Same box, but marketers are paid more than you

Oracle has decided that nobody wants to buy a virtualisation appliance, but reckons you're all ready to stampede in the direction of a private cloud appliance. Big Red's marketers have therefore enriched some printers by changing the name of the “Oracle Virtual Compute Appliance” (VCA) to the “Oracle Private Cloud Appliance” (PCA).

There's a difference between the two products beyond the name, but it is largely semantic: the new box is billed as “a simple path from on-premise to Oracle Cloud.” The old one was merely “a powerful Cloud Services delivery platform.”

That “simple path” is, however, an eloquent statement about what Oracle is trying to do here.

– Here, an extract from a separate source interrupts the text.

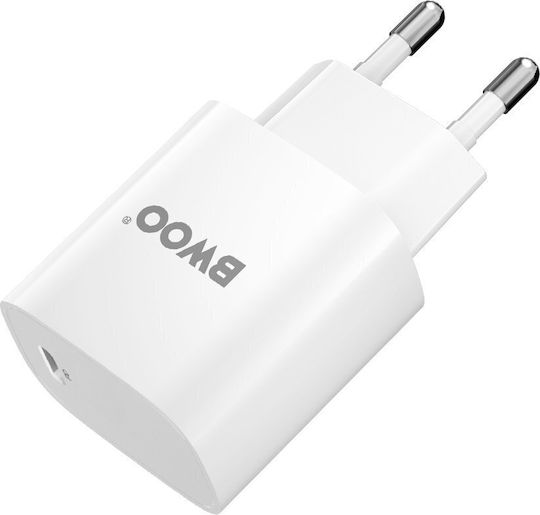BWOO Ladegerät mit USB-C Anschluss und Kabel USB-C - Lightning 20W Stromlieferung Weißs (CDA159)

On-premises server virtualisation is sooo 2011.

These days we're all supposed to be bimodal – happy to hit the cloud when needed but cognizant we also need some on-premises kit chugging along for the stuff that needs to be carefully watched.

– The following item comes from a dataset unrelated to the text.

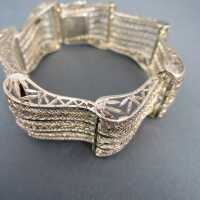 Art Deco 800 silver ornate filigree link panel bracelet 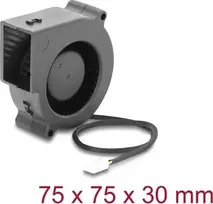 Delock Radialinis Pūtimo Ventiliatorius 12 V DC 75 x 75 x 30 mm su 3 Kontaktų Jungtimi, Juodas (67495)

In that new context a virtualisation appliance looks kinda fusty. A private cloud appliance with a public cloud on-ramp is rather more modern. An on-ramp to Oracle cloud is a little more controversial: Oracle loves its deep integration between everything and so do some users.

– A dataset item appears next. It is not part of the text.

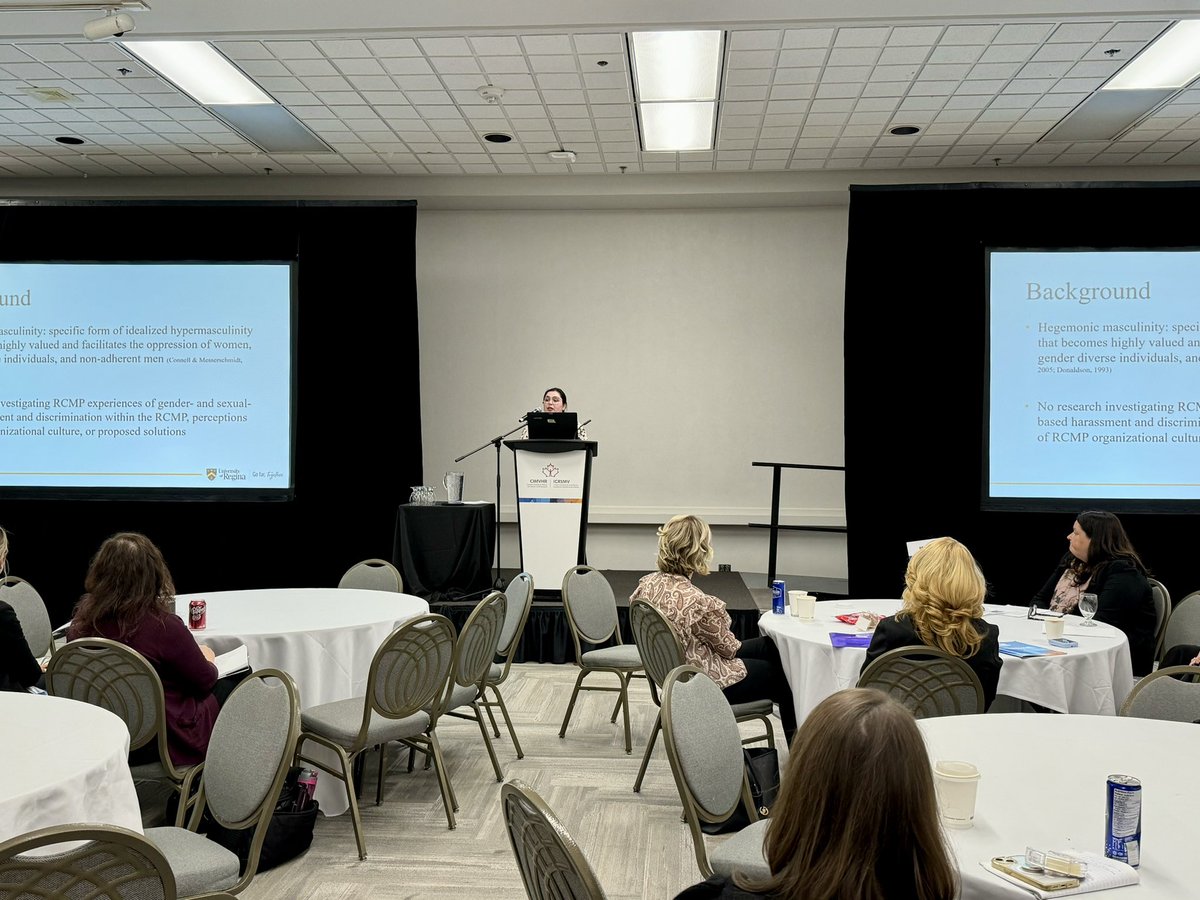 Juliana Khoury (<a href="/JulesKhoury/">Juliana Khoury</a>) presents on the topic of understanding the impact of organizational culture on sexual and gender-based harassment and discrimination among RCMP. #CIMVHRForum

But Big Red touted the virtual compute appliance as a contender for just about any workload. The new appliance's ties to Uncle Larry's Fantastic Elastic cloud makes the general compute sell a little harder.

If you bought the virtualisation appliance, worry not: both products start with the X5-2 base rack and can pack from two to 25 compute nodes powered by Oracle's eighteen-core Xeons running at up to 2.3 GHz.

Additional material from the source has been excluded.